Culture influences everything we do and think within the organization. It extends out to the farthest reaches of the organization surmounting geographic and social barriers, and it is amazingly resistant to change.
Why is culture so pervasive and so strong? Well, it’s the job of culture to make sure that nothing in the organization gets so out of balance that it becomes unstable, unpredictable or threatens the survival of the organization. “Better safe than sorry,” is the motto of culture; its core unifying principle is values, and the enforcer is the norms.
It’s also the job of culture to make sure that important survival and success-based knowledge survives and is passed on. A lot of this knowledge has to do with skills, but more importantly and subtly it deals with the transmission of the group’s values and norms, assumptions and beliefs. Thus, we can say that the purpose of culture is to maintain order and the status quo, and to contain and transmit the sum of organizational experience and knowledge to ensure continuity.
When we understand this we can see why change in organizations can be so difficult to bring about: change by its very nature IS discontinuous; even “continuous change” is discontinuous if only in small increments.
Look at an organization. What do you see? You’ll likely see goods and services, employees and customers, sales materials, business strategies and plans. You could see a building, a web site and some other tangible artifacts.
But, try to gaze into the mire we call culture, and the first thing you’ll see is that you can’t see much. But keep looking, and some things will phase into view. You might notice a mission or vision statement written somewhere. You might observe that people tend to dress in a certain way or that the building has a particular layout or decor. You’ll probably notice there are stated rules, standards, and behavioral norms that people are expected to follow and a set of espoused values in place to guide…well, everything. If you listen hard you might hear some stories about the deeds and exploits of prominent people in the company that are designed to drive home those rules, standards, norms and values.
One thing you’ll probably notice is that there’s an awful lot of measuring going on: just about anything that can be measured is measured, and all these measured things are used to design strategies and make plans. This is the visible organization. We put our energy here because it’s what we can “see”!
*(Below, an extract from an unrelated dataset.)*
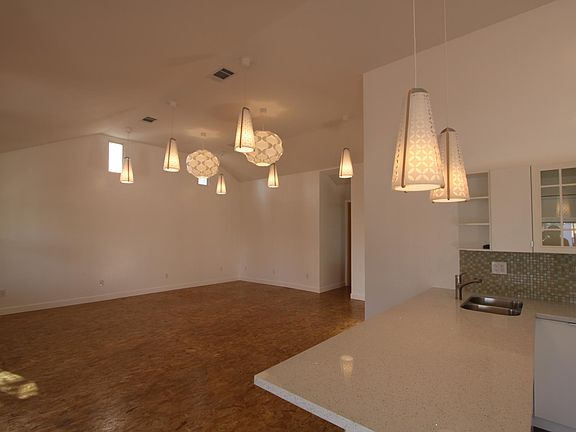 5th image of 5659 York Blvd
Imagine an old fashioned wall clock. What do you see? A case, face, numbers and hands. The hands do the work of telling us the time. But the more complicated and vital part of the clock lies hidden behind the face. Likewise, in an organization, you can’t see the vital working parts. You won’t see unexpressed shared meaning, thoughts or feelings of employees, or their real shared assumptions. You won’t see the hidden values and rules that govern behavior.
The hidden aspects of an organization are important, because it is here that, for better or for worse, the full power of the people in the organizations is contained. .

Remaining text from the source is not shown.